* **Task directions**:
Each record needs to be transcribed word for word, though without its pictures.

= = =

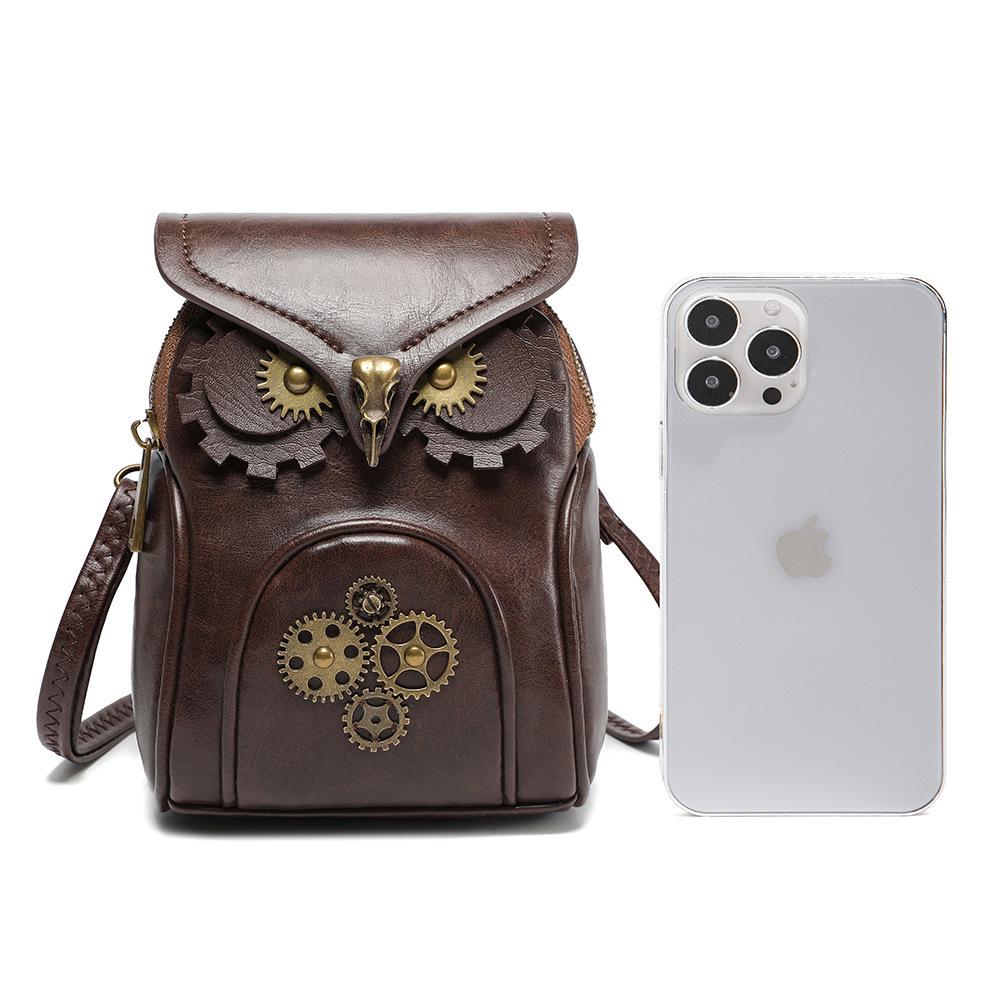 Creative Niche Owl Design Medieval Retro Style Women'S Shoulder Messenger Bag Small Square Bag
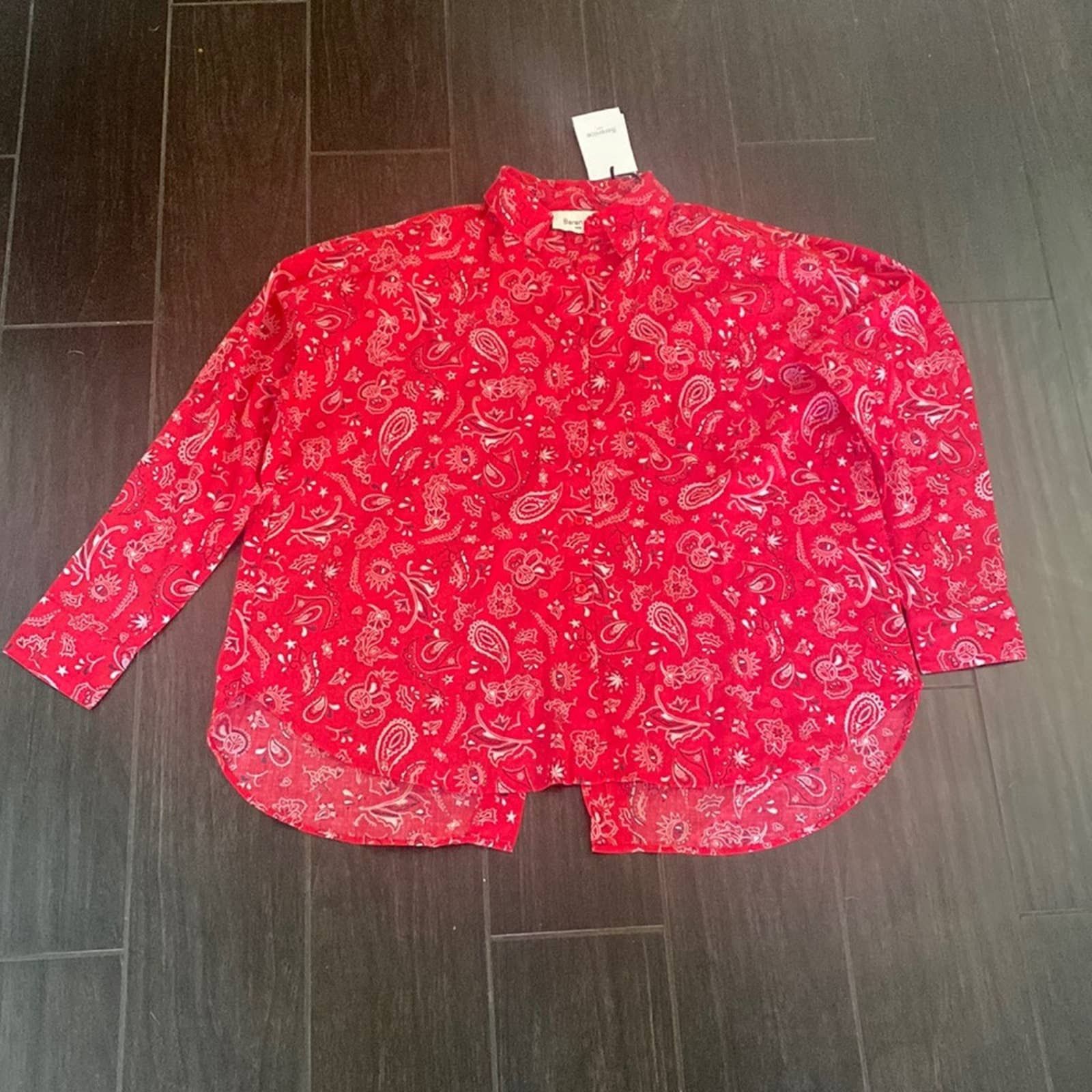 Berenice Paris Red Paisley Oversize Long Sleeve Blouse 34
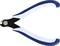 A blue blade with a white handle, used for cutting wire or nails.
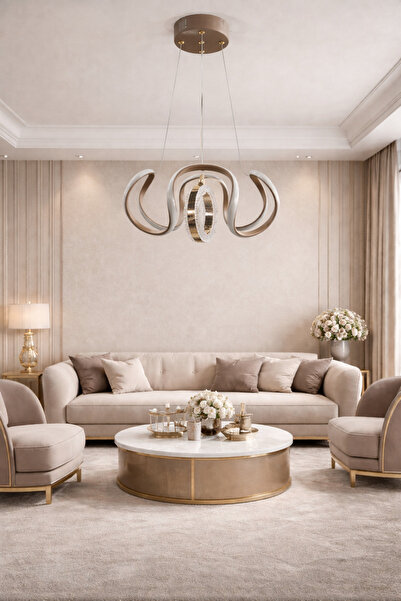 TREND 4KOLLU DRON CAPPUCCİNO HALKALI LED AVİZE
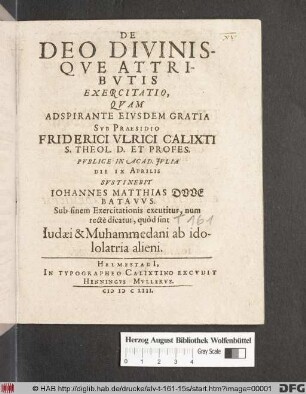 De Deo Divinisque Attributis Exercitatio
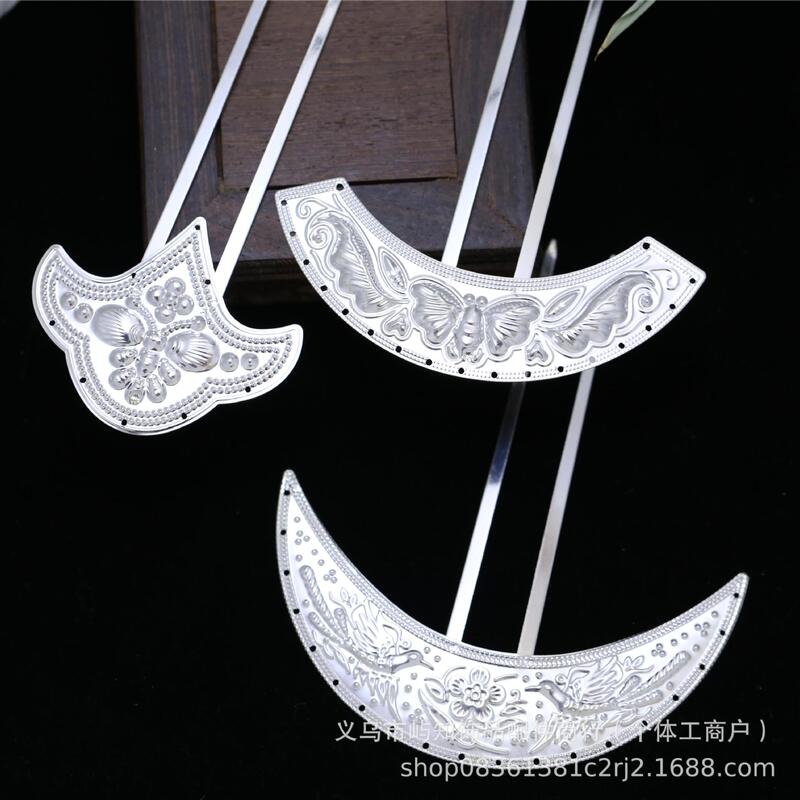 DIY Creative Embossed Jewelry Accessories Ethnic Minority Headwear Silver Jewelry Materials Crescent Hairpin Multi-Hole Moon Fork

= = =

* **Response below**:
 Creative Niche Owl Design Medieval Retro Style Women'S Shoulder Messenger Bag Small Square Bag
 Berenice Paris Red Paisley Oversize Long Sleeve Blouse 34
 A blue blade with a white handle, used for cutting wire or nails.
 TREND 4KOLLU DRON CAPPUCCİNO HALKALI LED AVİZE
 De Deo Divinisque Attributis Exercitatio
 DIY Creative Embossed Jewelry Accessories Ethnic Minority Headwear Silver Jewelry Materials Crescent Hairpin Multi-Hole Moon Fork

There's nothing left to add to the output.